MAN President, Francis Meshioye, expressed concerns about the high cost of alternative energy sources, which amounted to over N144 billion for manufacturers in 2022 alone. He emphasized that any further tariff hikes would lead to an exodus of companies and called on the government to reconsider its approach.
Meshioye highlighted the challenges faced by manufacturers in Nigeria, including the high cost of doing business, the need to provide essential infrastructure, and the downsizing of businesses. He emphasized that the power issue, among others, has prompted international businessmen to relocate their operations.
MAN’s data indicated that manufacturers spent at least N144.5 billion on alternative energy in 2022, representing an 87% increase compared to 2021. In the past eight years, electricity tariffs have risen by 186%. The association criticized the proposed 40% tariff hike as outrageous, especially considering the government’s outstanding N75 billion electricity bill.

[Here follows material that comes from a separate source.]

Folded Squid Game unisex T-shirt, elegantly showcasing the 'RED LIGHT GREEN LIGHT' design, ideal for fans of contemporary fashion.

Meshioye also mentioned the unpredictability of the foreign exchange rate as another factor that could lead to manufacturers exiting Nigeria. He stressed the importance of a predictable forex environment for businesses.
Despite these concerns, President Bola Tinubu has assured genuine local and foreign investors of his administration’s commitment to providing a conducive business environment. During a meeting with investors from France and Japan, pledges were made to invest $5 billion in the floating Liquified Natural Gas sector, which is expected to generate thousands of direct and indirect jobs.
The investors from Technip Energies (France) and JGC Corporation (Japan) were directed by the president to prioritize the project and report any challenges encountered during implementation. The project, in collaboration with NNPC Ltd and Afrexim Bank, aims to have a 300,000-tonne capacity of LPG per annum and meet 25% of local demand for gas. Local content development is being emphasized, with training programs for Nigerians and the establishment of plants for product delivery and marketing.
Overall, MAN’s concerns about the tariff regime and energy costs are urging the Nigerian government to take action to retain manufacturing companies and promote a favorable business environment.